§ **DATA SUPPLIED**
###

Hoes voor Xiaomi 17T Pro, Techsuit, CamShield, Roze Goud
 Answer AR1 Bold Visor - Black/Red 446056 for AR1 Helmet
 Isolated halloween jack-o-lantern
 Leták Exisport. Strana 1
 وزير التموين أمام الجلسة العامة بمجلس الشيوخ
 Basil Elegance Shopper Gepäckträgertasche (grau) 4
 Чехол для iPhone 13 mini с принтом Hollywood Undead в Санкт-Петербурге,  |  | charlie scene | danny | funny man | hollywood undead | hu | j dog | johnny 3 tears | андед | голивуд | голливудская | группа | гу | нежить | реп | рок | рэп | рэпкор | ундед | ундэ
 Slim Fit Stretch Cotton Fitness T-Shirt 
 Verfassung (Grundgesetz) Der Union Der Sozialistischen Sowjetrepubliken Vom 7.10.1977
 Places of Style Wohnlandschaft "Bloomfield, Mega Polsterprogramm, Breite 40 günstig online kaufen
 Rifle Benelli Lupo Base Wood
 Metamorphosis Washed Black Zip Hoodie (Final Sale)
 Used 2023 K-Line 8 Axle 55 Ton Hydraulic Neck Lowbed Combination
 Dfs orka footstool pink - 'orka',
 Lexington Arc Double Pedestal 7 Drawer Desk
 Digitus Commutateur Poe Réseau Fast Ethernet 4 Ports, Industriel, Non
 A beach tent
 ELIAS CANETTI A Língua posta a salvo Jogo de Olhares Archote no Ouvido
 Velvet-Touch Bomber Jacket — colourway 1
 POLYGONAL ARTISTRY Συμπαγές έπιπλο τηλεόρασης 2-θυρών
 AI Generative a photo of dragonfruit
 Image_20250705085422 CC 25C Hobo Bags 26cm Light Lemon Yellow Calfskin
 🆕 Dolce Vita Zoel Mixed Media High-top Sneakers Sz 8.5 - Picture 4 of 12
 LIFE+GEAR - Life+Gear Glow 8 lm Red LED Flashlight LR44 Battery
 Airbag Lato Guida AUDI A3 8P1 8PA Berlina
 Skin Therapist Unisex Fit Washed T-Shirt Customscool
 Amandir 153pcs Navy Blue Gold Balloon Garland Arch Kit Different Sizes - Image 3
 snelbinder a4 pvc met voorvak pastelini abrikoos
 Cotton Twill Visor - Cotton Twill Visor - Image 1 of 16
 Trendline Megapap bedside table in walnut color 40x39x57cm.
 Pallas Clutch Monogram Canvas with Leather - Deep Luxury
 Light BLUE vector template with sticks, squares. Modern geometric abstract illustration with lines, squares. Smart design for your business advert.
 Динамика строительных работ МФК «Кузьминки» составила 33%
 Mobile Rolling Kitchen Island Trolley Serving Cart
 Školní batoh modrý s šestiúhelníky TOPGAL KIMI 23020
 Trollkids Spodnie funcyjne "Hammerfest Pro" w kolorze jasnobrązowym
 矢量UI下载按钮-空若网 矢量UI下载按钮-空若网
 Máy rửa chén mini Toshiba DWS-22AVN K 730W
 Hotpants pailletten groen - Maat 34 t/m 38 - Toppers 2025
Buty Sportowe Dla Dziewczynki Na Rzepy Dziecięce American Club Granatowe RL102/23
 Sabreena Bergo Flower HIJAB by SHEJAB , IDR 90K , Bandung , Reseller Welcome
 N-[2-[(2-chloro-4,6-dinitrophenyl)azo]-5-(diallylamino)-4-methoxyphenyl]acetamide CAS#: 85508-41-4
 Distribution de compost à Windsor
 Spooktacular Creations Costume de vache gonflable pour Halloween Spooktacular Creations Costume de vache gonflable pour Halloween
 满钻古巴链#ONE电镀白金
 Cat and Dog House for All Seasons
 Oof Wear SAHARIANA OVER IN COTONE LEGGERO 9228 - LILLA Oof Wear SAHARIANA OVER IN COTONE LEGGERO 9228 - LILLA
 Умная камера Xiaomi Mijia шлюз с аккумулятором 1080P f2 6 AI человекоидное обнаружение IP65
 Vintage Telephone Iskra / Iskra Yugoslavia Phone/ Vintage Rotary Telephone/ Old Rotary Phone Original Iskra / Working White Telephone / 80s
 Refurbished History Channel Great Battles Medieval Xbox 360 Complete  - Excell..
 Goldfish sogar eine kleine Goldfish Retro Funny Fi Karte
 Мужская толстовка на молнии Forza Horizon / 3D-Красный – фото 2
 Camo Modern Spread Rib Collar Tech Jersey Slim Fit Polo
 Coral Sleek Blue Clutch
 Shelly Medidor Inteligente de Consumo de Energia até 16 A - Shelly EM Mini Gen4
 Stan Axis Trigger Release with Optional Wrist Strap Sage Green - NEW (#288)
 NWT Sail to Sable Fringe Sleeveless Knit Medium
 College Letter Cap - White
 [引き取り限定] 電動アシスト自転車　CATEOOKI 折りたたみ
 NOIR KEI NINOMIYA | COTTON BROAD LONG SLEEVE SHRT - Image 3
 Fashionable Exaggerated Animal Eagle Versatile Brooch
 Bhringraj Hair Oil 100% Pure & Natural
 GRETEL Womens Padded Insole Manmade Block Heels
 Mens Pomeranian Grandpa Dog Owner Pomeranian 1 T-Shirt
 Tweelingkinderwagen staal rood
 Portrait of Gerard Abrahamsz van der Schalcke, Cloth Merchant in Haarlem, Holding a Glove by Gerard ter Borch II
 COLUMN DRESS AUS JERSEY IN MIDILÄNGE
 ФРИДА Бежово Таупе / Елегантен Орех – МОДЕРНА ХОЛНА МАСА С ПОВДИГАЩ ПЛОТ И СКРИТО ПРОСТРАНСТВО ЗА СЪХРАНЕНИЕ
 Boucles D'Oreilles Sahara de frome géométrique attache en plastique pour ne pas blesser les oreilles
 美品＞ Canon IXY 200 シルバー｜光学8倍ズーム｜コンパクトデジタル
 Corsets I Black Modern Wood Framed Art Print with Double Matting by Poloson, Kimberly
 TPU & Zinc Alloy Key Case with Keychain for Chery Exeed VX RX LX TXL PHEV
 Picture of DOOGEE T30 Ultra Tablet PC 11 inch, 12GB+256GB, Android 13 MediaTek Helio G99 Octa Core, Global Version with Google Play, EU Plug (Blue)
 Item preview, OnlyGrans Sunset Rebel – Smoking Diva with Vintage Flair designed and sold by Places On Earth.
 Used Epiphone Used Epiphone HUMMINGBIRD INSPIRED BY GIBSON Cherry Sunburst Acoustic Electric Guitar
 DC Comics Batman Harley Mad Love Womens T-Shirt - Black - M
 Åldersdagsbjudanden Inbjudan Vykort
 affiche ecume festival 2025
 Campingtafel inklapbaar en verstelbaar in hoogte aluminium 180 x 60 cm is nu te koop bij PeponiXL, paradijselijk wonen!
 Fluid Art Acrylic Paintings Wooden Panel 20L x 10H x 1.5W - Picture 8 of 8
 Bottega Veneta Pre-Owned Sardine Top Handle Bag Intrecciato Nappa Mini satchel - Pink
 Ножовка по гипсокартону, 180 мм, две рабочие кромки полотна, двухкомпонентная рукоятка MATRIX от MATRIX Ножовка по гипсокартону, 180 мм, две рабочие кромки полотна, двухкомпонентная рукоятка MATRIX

###

§ **WORK TO COMPLETE**
Faithfully write out the entire listing, line by line.

§ **FINISHED EXERCISE**
Hoes voor Xiaomi 17T Pro, Techsuit, CamShield, Roze Goud
 Answer AR1 Bold Visor - Black/Red 446056 for AR1 Helmet
 Isolated halloween jack-o-lantern
 Leták Exisport. Strana 1
 وزير التموين أمام الجلسة العامة بمجلس الشيوخ
 Basil Elegance Shopper Gepäckträgertasche (grau) 4
 Чехол для iPhone 13 mini с принтом Hollywood Undead в Санкт-Петербурге,  |  | charlie scene | danny | funny man | hollywood undead | hu | j dog | johnny 3 tears | андед | голивуд | голливудская | группа | гу | нежить | реп | рок | рэп | рэпкор | ундед | ундэ
 Slim Fit Stretch Cotton Fitness T-Shirt 
 Verfassung (Grundgesetz) Der Union Der Sozialistischen Sowjetrepubliken Vom 7.10.1977
 Places of Style Wohnlandschaft "Bloomfield, Mega Polsterprogramm, Breite 40 günstig online kaufen
 Rifle Benelli Lupo Base Wood
 Metamorphosis Washed Black Zip Hoodie (Final Sale)
 Used 2023 K-Line 8 Axle 55 Ton Hydraulic Neck Lowbed Combination
 Dfs orka footstool pink - 'orka',
 Lexington Arc Double Pedestal 7 Drawer Desk
 Digitus Commutateur Poe Réseau Fast Ethernet 4 Ports, Industriel, Non
 A beach tent
 ELIAS CANETTI A Língua posta a salvo Jogo de Olhares Archote no Ouvido
 Velvet-Touch Bomber Jacket — colourway 1
 POLYGONAL ARTISTRY Συμπαγές έπιπλο τηλεόρασης 2-θυρών
 AI Generative a photo of dragonfruit
 Image_20250705085422 CC 25C Hobo Bags 26cm Light Lemon Yellow Calfskin
 🆕 Dolce Vita Zoel Mixed Media High-top Sneakers Sz 8.5 - Picture 4 of 12
 LIFE+GEAR - Life+Gear Glow 8 lm Red LED Flashlight LR44 Battery
 Airbag Lato Guida AUDI A3 8P1 8PA Berlina
 Skin Therapist Unisex Fit Washed T-Shirt Customscool
 Amandir 153pcs Navy Blue Gold Balloon Garland Arch Kit Different Sizes - Image 3
 snelbinder a4 pvc met voorvak pastelini abrikoos
 Cotton Twill Visor - Cotton Twill Visor - Image 1 of 16
 Trendline Megapap bedside table in walnut color 40x39x57cm.
 Pallas Clutch Monogram Canvas with Leather - Deep Luxury
 Light BLUE vector template with sticks, squares. Modern geometric abstract illustration with lines, squares. Smart design for your business advert.
 Динамика строительных работ МФК «Кузьминки» составила 33%
 Mobile Rolling Kitchen Island Trolley Serving Cart
 Školní batoh modrý s šestiúhelníky TOPGAL KIMI 23020
 Trollkids Spodnie funcyjne "Hammerfest Pro" w kolorze jasnobrązowym
 矢量UI下载按钮-空若网 矢量UI下载按钮-空若网
 Máy rửa chén mini Toshiba DWS-22AVN K 730W
 Hotpants pailletten groen - Maat 34 t/m 38 - Toppers 2025
Buty Sportowe Dla Dziewczynki Na Rzepy Dziecięce American Club Granatowe RL102/23
 Sabreena Bergo Flower HIJAB by SHEJAB , IDR 90K , Bandung , Reseller Welcome
 N-[2-[(2-chloro-4,6-dinitrophenyl)azo]-5-(diallylamino)-4-methoxyphenyl]acetamide CAS#: 85508-41-4
 Distribution de compost à Windsor
 Spooktacular Creations Costume de vache gonflable pour Halloween Spooktacular Creations Costume de vache gonflable pour Halloween
 满钻古巴链#ONE电镀白金
 Cat and Dog House for All Seasons
 Oof Wear SAHARIANA OVER IN COTONE LEGGERO 9228 - LILLA Oof Wear SAHARIANA OVER IN COTONE LEGGERO 9228 - LILLA
 Умная камера Xiaomi Mijia шлюз с аккумулятором 1080P f2 6 AI человекоидное обнаружение IP65
 Vintage Telephone Iskra / Iskra Yugoslavia Phone/ Vintage Rotary Telephone/ Old Rotary Phone Original Iskra / Working White Telephone / 80s
 Refurbished History Channel Great Battles Medieval Xbox 360 Complete  - Excell..
 Goldfish sogar eine kleine Goldfish Retro Funny Fi Karte
 Мужская толстовка на молнии Forza Horizon / 3D-Красный – фото 2
 Camo Modern Spread Rib Collar Tech Jersey Slim Fit Polo
 Coral Sleek Blue Clutch
 Shelly Medidor Inteligente de Consumo de Energia até 16 A - Shelly EM Mini Gen4
 Stan Axis Trigger Release with Optional Wrist Strap Sage Green - NEW (#288)
 NWT Sail to Sable Fringe Sleeveless Knit Medium
 College Letter Cap - White
 [引き取り限定] 電動アシスト自転車　CATEOOKI 折りたたみ
 NOIR KEI NINOMIYA | COTTON BROAD LONG SLEEVE SHRT - Image 3
 Fashionable Exaggerated Animal Eagle Versatile Brooch
 Bhringraj Hair Oil 100% Pure & Natural
 GRETEL Womens Padded Insole Manmade Block Heels
 Mens Pomeranian Grandpa Dog Owner Pomeranian 1 T-Shirt
 Tweelingkinderwagen staal rood
 Portrait of Gerard Abrahamsz van der Schalcke, Cloth Merchant in Haarlem, Holding a Glove by Gerard ter Borch II
 COLUMN DRESS AUS JERSEY IN MIDILÄNGE
 ФРИДА Бежово Таупе / Елегантен Орех – МОДЕРНА ХОЛНА МАСА С ПОВДИГАЩ ПЛОТ И СКРИТО ПРОСТРАНСТВО ЗА СЪХРАНЕНИЕ
 Boucles D'Oreilles Sahara de frome géométrique attache en plastique pour ne pas blesser les oreilles
 美品＞ Canon IXY 200 シルバー｜光学8倍ズーム｜コンパクトデジタル
 Corsets I Black Modern Wood Framed Art Print with Double Matting by Poloson, Kimberly
 TPU & Zinc Alloy Key Case with Keychain for Chery Exeed VX RX LX TXL PHEV
 Picture of DOOGEE T30 Ultra Tablet PC 11 inch, 12GB+256GB, Android 13 MediaTek Helio G99 Octa Core, Global Version with Google Play, EU Plug (Blue)
 Item preview, OnlyGrans Sunset Rebel – Smoking Diva with Vintage Flair designed and sold by Places On Earth.
 Used Epiphone Used Epiphone HUMMINGBIRD INSPIRED BY GIBSON Cherry Sunburst Acoustic Electric Guitar
 DC Comics Batman Harley Mad Love Womens T-Shirt - Black - M
 Åldersdagsbjudanden Inbjudan Vykort
 affiche ecume festival 2025
 Campingtafel inklapbaar en verstelbaar in hoogte aluminium 180 x 60 cm is nu te koop bij PeponiXL, paradijselijk wonen!
 Fluid Art Acrylic Paintings Wooden Panel 20L x 10H x 1.5W - Picture 8 of 8
 Bottega Veneta Pre-Owned Sardine Top Handle Bag Intrecciato Nappa Mini satchel - Pink
 Ножовка по гипсокартону, 180 мм, две рабочие кромки полотна, двухкомпонентная рукоятка MATRIX от MATRIX Ножовка по гипсокартону, 180 мм, две рабочие кромки полотна, двухкомпонентная рукоятка MATRIX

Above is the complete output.